Assorted musings by Courtney M. Privett, the time-lost author of The Malora Octet, Huron, and The Bacra Chronicles.
Saturday, July 31, 2010
On My Version of Pantheism
When I was seventeen, I found myself on a mountain overlooking Grenoble, France. I was touring Europe with a youth symphony, and my host family took me hiking up the mountain. I remember looking down from our resting point at a little glacial lake and thinking, "This is nature. This is all there is, and all there needs to be, and it is phenomenal." I took a picture, but it in no way captures the magnificent and immense scale of the scene. I really started to find myself from that perch in the French Alps.
I was raised by a Methodist on the edge of a national forest. We went to church mostly on holidays and if it was socially convenient. I think she went every Sunday until my father died when I was four, and then her perspective changed. I spent most of my time outside in the forest, and I think that is how I ended up dabbling in paganism for a couple of years. I loved the nature aspect of Wicca, but I never actually believed in gods and goddesses. In college, I had an epiphany on an overnight canoe trip. I was watching the stars overhead and realized that this, nature, was all their was, but that was more than enough. My respect for science deepened further, and I was inspired to write my first book, The Crystal Lattice. I was always a huge science and nature aficionado, and was working toward my engineering degree. After my epiphany, I started calling myself "agnostic pagan', and I refined that term to "pantheist" after I learned the terminology.
Nature calms me in a way nothing else does. After my friend died, I sat outside all night watching the Aurora Borealis. After both the Columbia disaster and September 11, I went out into the woods and wrote poetry for hours. When things got tough in college, I would spend a night camping in the forest with my schoolwork.
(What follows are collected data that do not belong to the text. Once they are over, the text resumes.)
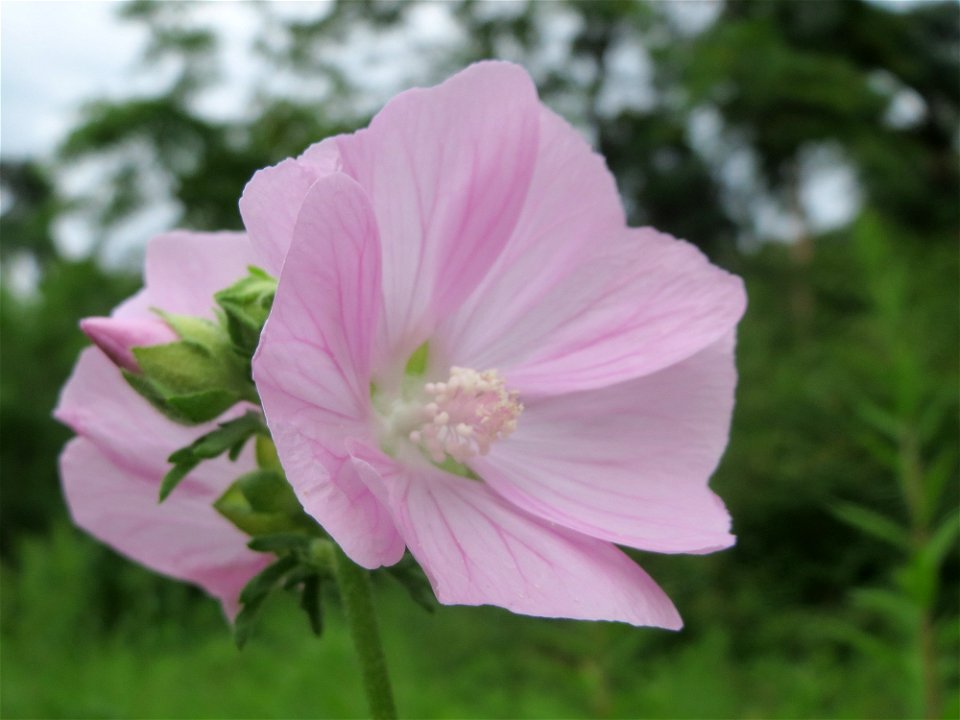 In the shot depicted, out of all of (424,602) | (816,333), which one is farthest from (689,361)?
(816,333)

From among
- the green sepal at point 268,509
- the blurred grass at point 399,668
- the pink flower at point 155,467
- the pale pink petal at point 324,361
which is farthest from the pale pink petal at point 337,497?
the blurred grass at point 399,668

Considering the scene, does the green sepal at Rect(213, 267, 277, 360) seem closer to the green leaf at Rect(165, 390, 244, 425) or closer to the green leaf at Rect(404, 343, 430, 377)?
the green leaf at Rect(165, 390, 244, 425)

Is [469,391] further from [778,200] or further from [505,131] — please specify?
[778,200]

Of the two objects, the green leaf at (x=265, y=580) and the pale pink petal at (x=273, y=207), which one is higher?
the pale pink petal at (x=273, y=207)

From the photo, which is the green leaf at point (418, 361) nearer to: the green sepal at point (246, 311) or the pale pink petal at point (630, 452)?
the pale pink petal at point (630, 452)

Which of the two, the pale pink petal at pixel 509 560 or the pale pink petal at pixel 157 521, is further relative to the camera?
the pale pink petal at pixel 157 521

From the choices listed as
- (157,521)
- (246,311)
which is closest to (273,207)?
(246,311)

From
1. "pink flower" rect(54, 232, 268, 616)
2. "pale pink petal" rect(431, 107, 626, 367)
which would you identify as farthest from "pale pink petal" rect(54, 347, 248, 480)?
"pale pink petal" rect(431, 107, 626, 367) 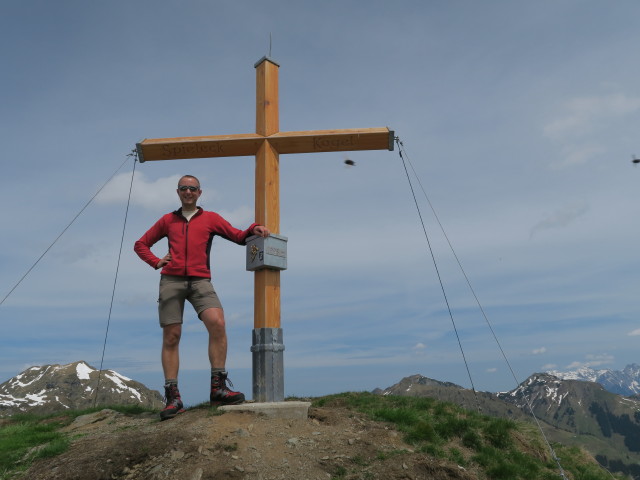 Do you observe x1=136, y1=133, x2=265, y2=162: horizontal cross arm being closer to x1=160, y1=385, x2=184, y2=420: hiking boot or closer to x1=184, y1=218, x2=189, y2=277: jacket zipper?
x1=184, y1=218, x2=189, y2=277: jacket zipper

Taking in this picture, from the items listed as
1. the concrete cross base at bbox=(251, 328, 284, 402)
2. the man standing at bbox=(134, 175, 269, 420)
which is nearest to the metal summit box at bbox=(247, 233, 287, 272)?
the man standing at bbox=(134, 175, 269, 420)

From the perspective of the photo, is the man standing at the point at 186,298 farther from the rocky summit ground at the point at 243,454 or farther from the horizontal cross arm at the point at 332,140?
the horizontal cross arm at the point at 332,140

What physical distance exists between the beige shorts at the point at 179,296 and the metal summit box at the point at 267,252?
3.14 feet

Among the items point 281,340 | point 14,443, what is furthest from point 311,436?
point 14,443

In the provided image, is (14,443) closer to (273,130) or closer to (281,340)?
(281,340)

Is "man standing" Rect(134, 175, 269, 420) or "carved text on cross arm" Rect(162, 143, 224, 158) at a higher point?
"carved text on cross arm" Rect(162, 143, 224, 158)

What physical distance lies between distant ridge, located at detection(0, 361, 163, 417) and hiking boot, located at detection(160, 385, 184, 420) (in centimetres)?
15063

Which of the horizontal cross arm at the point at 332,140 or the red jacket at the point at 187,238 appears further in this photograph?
the horizontal cross arm at the point at 332,140

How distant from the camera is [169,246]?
8.53 m

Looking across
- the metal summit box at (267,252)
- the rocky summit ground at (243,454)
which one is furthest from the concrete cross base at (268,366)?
the metal summit box at (267,252)

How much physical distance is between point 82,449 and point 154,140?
543cm

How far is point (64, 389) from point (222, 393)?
189361 millimetres

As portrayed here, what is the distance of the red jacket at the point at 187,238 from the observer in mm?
8305

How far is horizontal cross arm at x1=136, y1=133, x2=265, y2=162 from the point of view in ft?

I reclaim my oneness with nature and visit it with reverence and respect. Every particle and physical interaction in the universe is part of it. I am one little piece, but that just makes me part of the whole. Its energy is mine, my individuality is part of its collective soul. Every rock, every star, every animal is part of the whole and what happens to one happens to all. My philosophy renders me a tree-hugging vegan, but that is perfectly fine withe me. I love the Wiccan sentiment of "An' it harm none, do as you will." I let others live their lives as they wish as long as they are not hurting anyone else. I just wish other people would do the same.
I have run out of time for now. My little piece of love in the universe is now awake and ready to start his evening.